(AVAILABLE DATA)
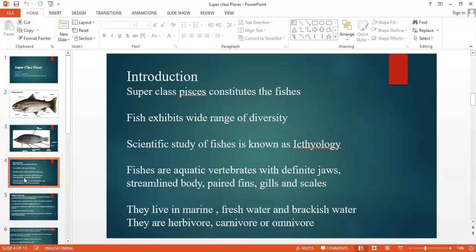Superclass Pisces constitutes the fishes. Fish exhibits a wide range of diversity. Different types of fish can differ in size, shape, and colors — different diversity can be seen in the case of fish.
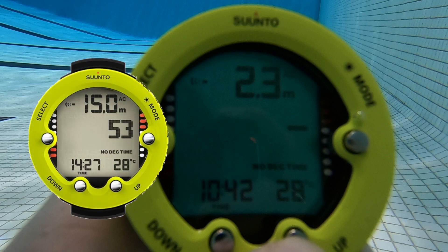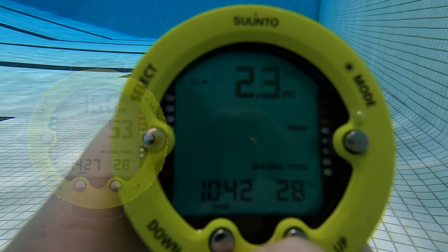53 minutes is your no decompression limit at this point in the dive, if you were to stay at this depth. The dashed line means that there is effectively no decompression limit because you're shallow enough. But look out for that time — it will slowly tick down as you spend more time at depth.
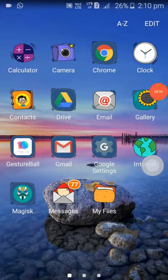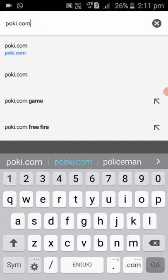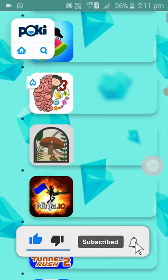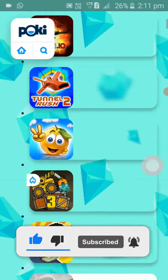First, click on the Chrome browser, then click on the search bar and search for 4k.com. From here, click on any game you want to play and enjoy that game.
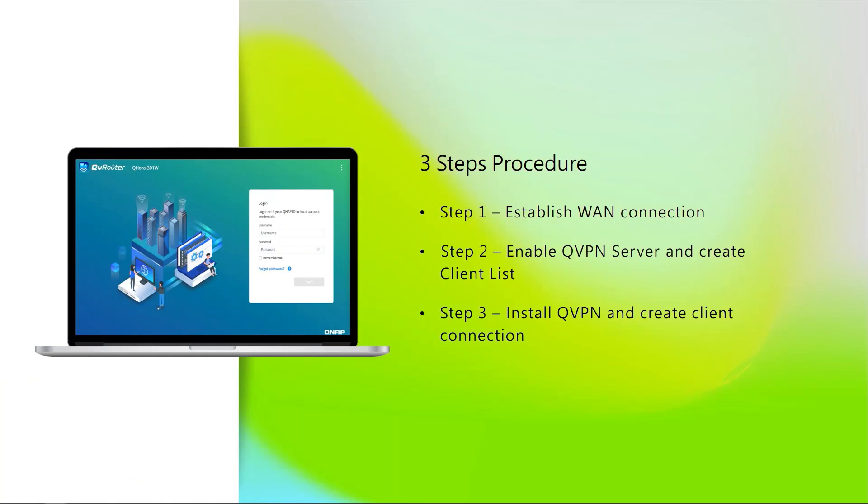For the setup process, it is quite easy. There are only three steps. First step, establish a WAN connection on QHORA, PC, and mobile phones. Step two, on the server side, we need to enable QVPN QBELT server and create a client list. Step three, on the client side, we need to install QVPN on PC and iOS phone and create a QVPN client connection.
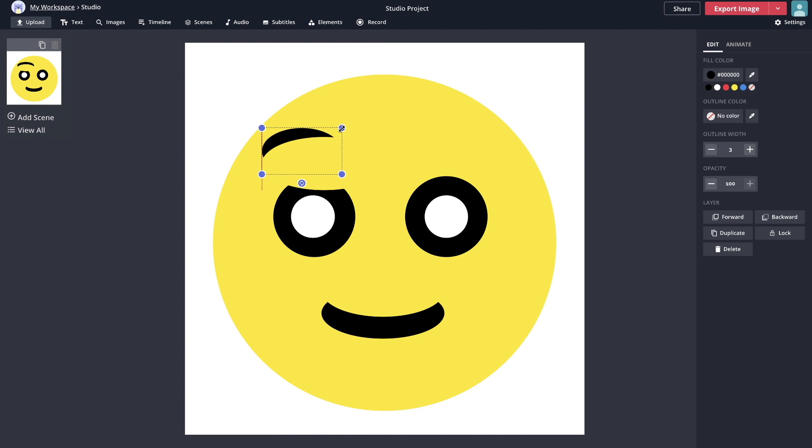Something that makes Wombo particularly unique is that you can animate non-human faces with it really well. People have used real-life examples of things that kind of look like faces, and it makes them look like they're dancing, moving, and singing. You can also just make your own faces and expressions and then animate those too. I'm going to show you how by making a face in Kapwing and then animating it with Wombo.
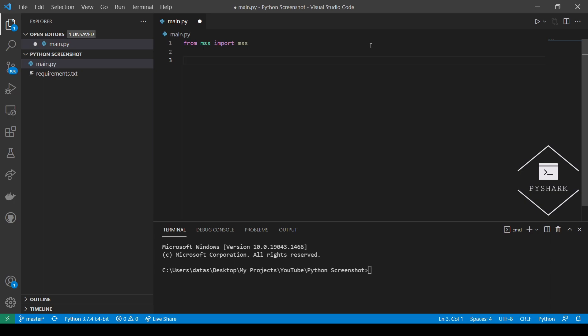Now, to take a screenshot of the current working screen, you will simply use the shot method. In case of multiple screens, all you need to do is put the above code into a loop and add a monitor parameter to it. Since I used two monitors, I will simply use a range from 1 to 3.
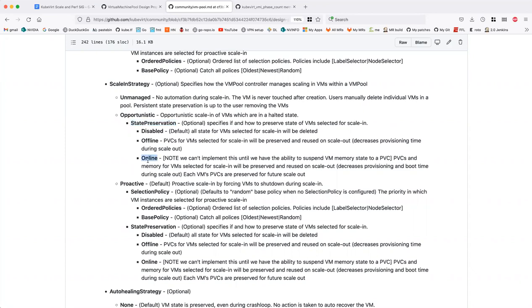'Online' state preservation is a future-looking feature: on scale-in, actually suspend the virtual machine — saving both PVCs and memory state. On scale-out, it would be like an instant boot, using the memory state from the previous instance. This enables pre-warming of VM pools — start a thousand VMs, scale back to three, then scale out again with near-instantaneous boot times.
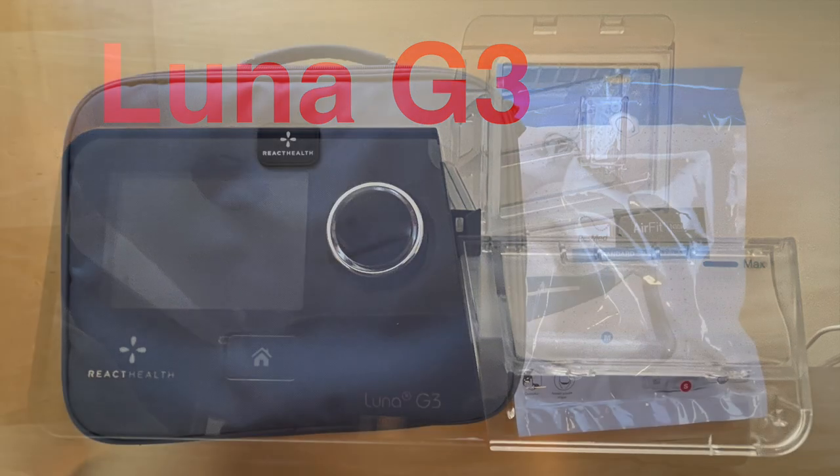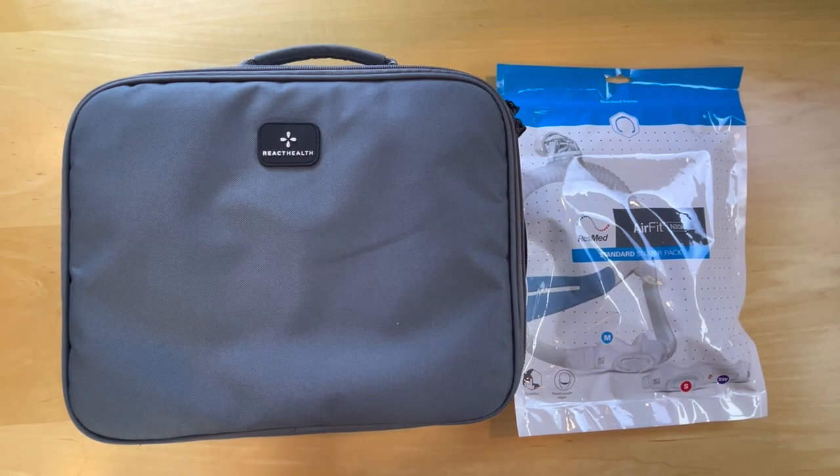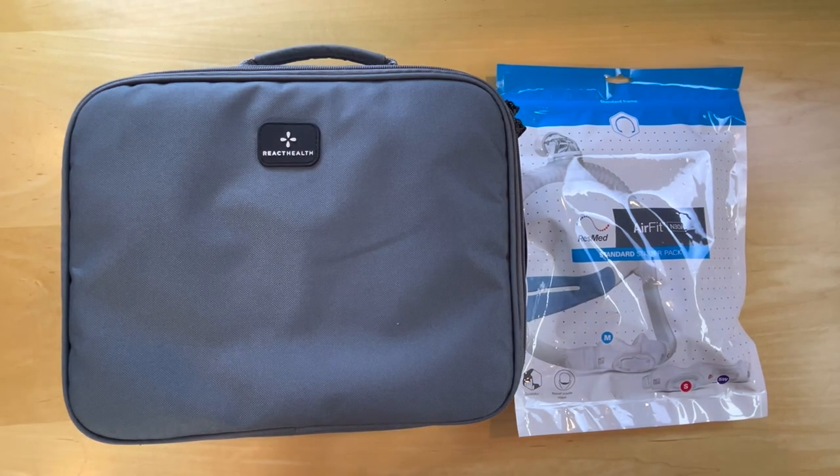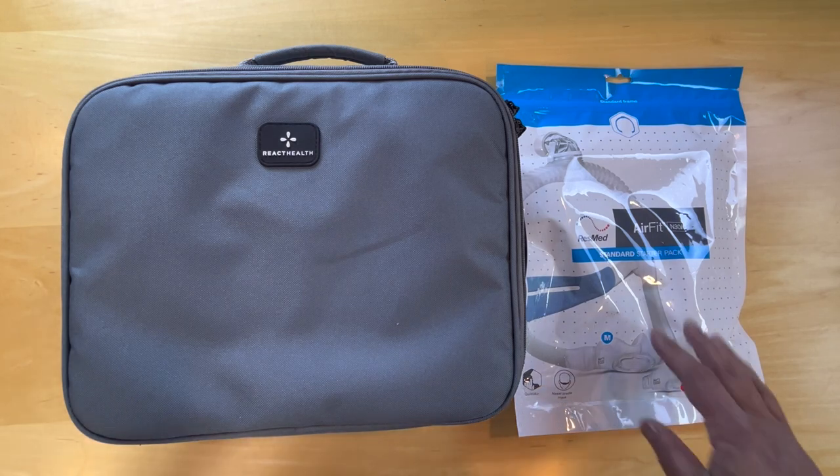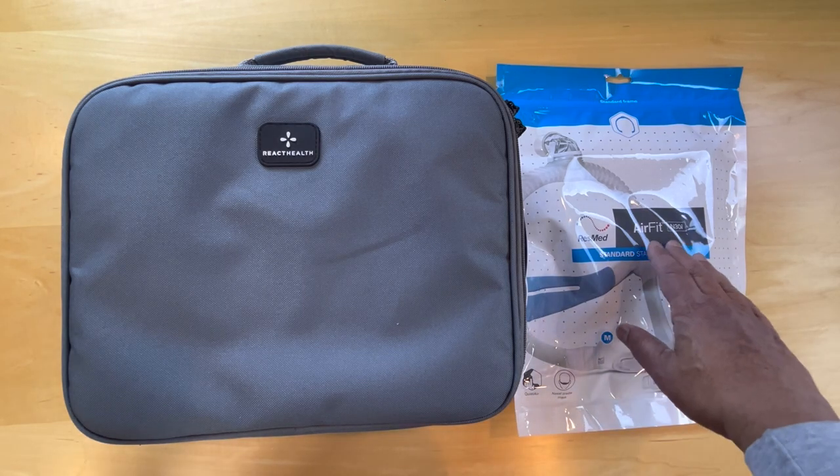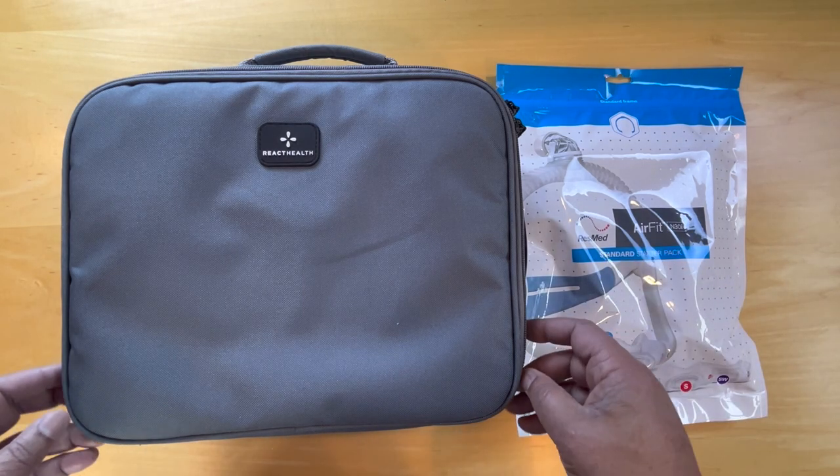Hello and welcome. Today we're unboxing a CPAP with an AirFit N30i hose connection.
(End AVAILABLE DATA)
* _WORK ITEM_
Copy word for word only the lines above from the one with "First, click on" through the one with "Now, to take". Leave pictures out.

* _ANSWER FOR THE TASK_
First, click on the Chrome browser, then click on the search bar and search for 4k.com. From here, click on any game you want to play and enjoy that game.
For the setup process, it is quite easy. There are only three steps. First step, establish a WAN connection on QHORA, PC, and mobile phones. Step two, on the server side, we need to enable QVPN QBELT server and create a client list. Step three, on the client side, we need to install QVPN on PC and iOS phone and create a QVPN client connection.
Something that makes Wombo particularly unique is that you can animate non-human faces with it really well. People have used real-life examples of things that kind of look like faces, and it makes them look like they're dancing, moving, and singing. You can also just make your own faces and expressions and then animate those too. I'm going to show you how by making a face in Kapwing and then animating it with Wombo.
Now, to take a screenshot of the current working screen, you will simply use the shot method. In case of multiple screens, all you need to do is put the above code into a loop and add a monitor parameter to it. Since I used two monitors, I will simply use a range from 1 to 3.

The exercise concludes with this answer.